Clarence Leroy “Ben” Coates (November 5, 1923 – October 25, 2000) was an American computer scientist and engineer known for his work on waveform recognition devices, circuit gates and accumulators.

==Early life==

He was born November 5, 1923, in Hastings, Nebraska, the son of Clarence Leroy Coates and Mildred Creighton. He earned his bachelor's degree in electrical engineering from the University of Kansas in 1944. After completing his bachelor's degree, he served in the U.S. Navy during World War II from 1944–1946. He then returned to the University of Kansas to obtain his master's degree in electrical engineering in 1948.

==Professional career==

He received his doctorate from the University of Illinois in 1953. He then taught electrical engineering and computer science at the universities of Illinois, Kansas and UT Austin and at Rensselaer Polytechnic Institute before going to Purdue. He directed the Electronics Research Center and supervised the engineering computer facilities at Texas and started a graduate program in information sciences. At Illinois, he directed the Coordinated Sciences Laboratory, an interdisciplinary lab focused on computers, information processing and electronics.

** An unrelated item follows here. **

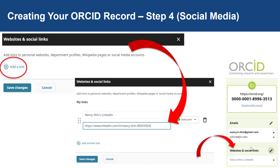Step four involves adding links to your social media accounts to your ORCID record. Under the Websites and Social Links section, click on the pencil in the top right-hand corner to edit this section. This will open up the website and social links section where you can add a link. Add your social media links — like in the example where I've added my LinkedIn page. Save your changes in order for the links to appear on your ORCID record.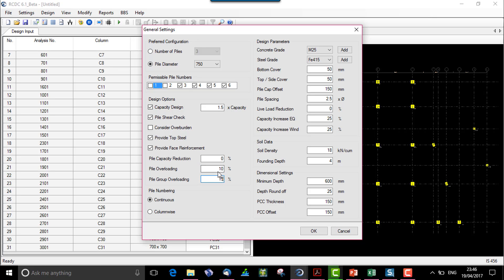Let's keep pile overloading at 15 and pile group overloading at 20. This is applicable for the detailing purpose. Pile numbering can be continuous or column-wise — for column C1 if the piles are P1, P2, P3 and P4, and for column C2 if there are 3 piles and we want to number them again as P1, P2, P3, then we select column-wise; otherwise it will be continuous pile numbering.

He was a research scientist at the General Electric Research Laboratory in New York City from 1956–63 and held five patents involving waveform recognition devices, circuit gates and accumulators on computer chips. He was named a fellow of the Institute of Electrical and Electronics Engineers (IEEE) in 1974 and the American Association for the Advancement of Science in 1980.

Coates joined the faculty at Purdue University in 1973 as head of the School of Electrical Engineering (now Electrical and Computer Engineering) where, for the next decade, he emphasized computer education and the development of computing facilities. He was a driving force behind the high performance computing and networking plan that led to the creation of the Engineering Computer Network (ECN) serving all of Purdue's engineering schools. He also initiated a degree program in computer engineering at Purdue. He returned to teaching in the computer field full-time in 1983 before retiring in 1988.

Ben Coates died in Osprey, Florida on October 25, 2000, at age 76. In 2009, Purdue named the Coates supercomputing cluster, after him, continuing a practice of naming the machines for prominent figures in the history of computing at the university, which began with Purdue's Steele cluster. Like Steele, Rossman and Carter, Coates is part of the DiaGrid distributed computing network. Coates will be operated by Information Technology at Purdue (ITaP), the university's central information technology organization, and the Rosen Center for Advanced Computing, ITaP's research and discovery arm.